Relation Between Bond Yields and Stock Market

  • Inverse Relationship Between Bond Yields and Equities
    • Higher bond yields make fixed-income investments more attractive, leading to equity outflows.
    • Investors shift from stocks to bonds, affecting stock market liquidity.
  • Impact on Foreign Capital Flows
    • Rising U.S. bond yields result in capital outflows from Indian markets.
    • This leads to rupee depreciation, making imports costlier and impacting inflation.
  • Corporate Borrowing Costs
    • Higher domestic bond yields increase borrowing costs for Indian companies.
    • Reduced investment and expansion plans affect overall economic growth.

Near-Term Market Outlook

  • Volatility is expected to persist due to global trade uncertainties and geopolitical tensions.
  • FIIs may return once earnings growth stabilises and the dollar weakens.
  • Domestic liquidity through SIPs (Systematic Investment Plans) remains strong, offering some resilience.
  • Large-cap stocks may remain stable, while mid and small-cap segments could continue facing corrections.
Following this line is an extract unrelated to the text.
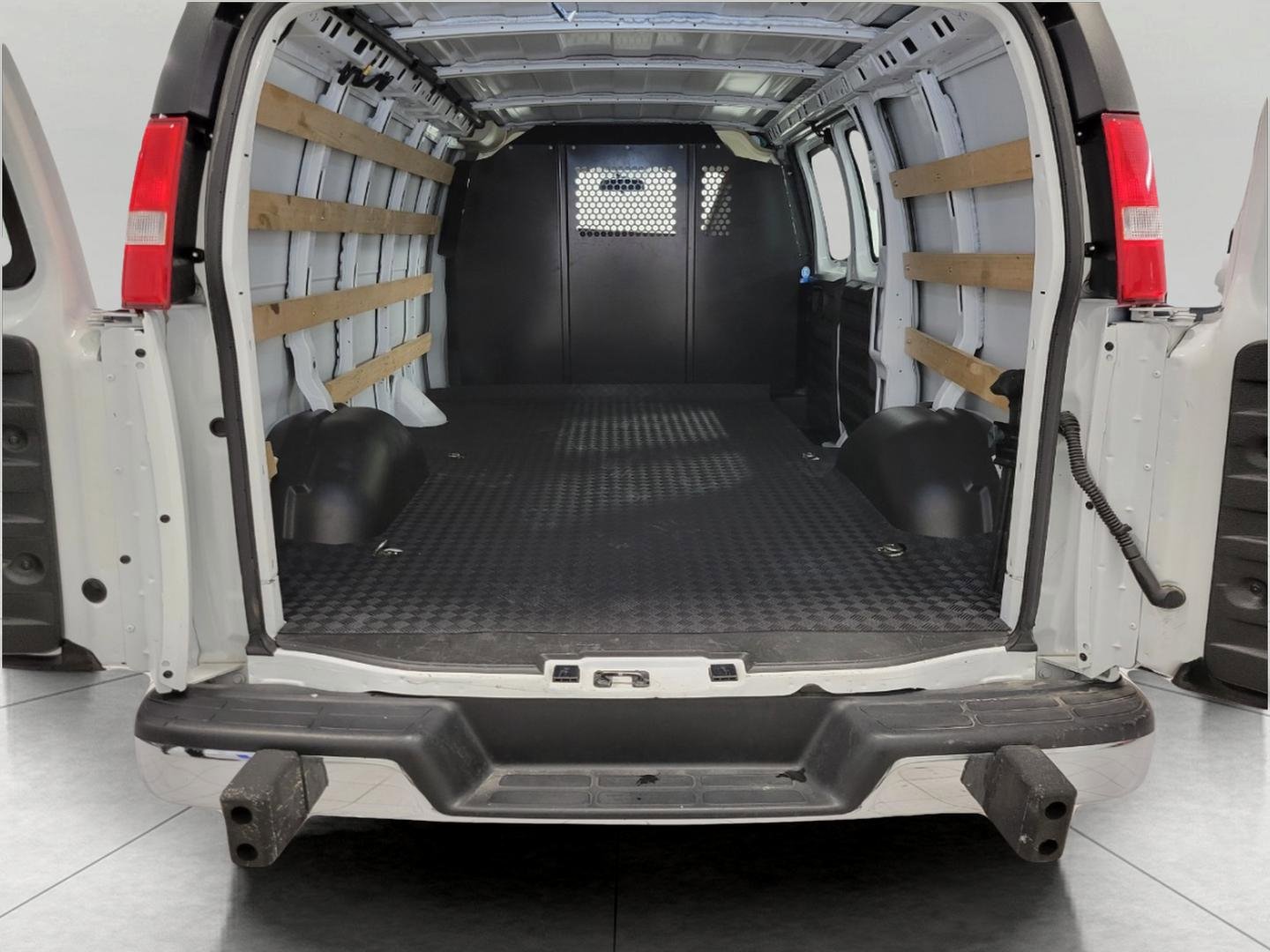 Used 2024 Chevrolet Express 2500 RWD 2500 135 w/ Driver Convenience Package image 16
Steps the Government and RBI Should Take

  • Policy Interventions for FII and FPI Retention
    • Implement favorable tax policies for FIIs and FPIs to encourage long-term investment.
    • Provide stability in capital market regulations to boost investor confidence.
  • Strengthening Domestic Economic Growth
    • Focus on infrastructure and manufacturing incentives to boost economic expansion.
    • Enhance export competitiveness to counterbalance trade deficits.
  • RBI’s Role in Maintaining Financial Stability
    • Liquidity infusion measures to support domestic investment.
    • Careful intervention in forex markets to prevent excessive rupee volatility.
    • Monitor inflation and interest rates to balance growth and stability.
  • Steel and Manufacturing Industry Support
    • Protect domestic producers from dumping through anti-dumping duties.
    • Incentives for value-added manufacturing to counteract global price pressures.

Conclusion

  • The Indian stock market downturn is driven by global trade tensions, FII outflows, and U.S. policy shifts.
  • Government interventions and RBI’s monetary measures are crucial to stabilising market sentiment.
  • While short-term volatility persists, long-term growth prospects remain strong with the right policy actions.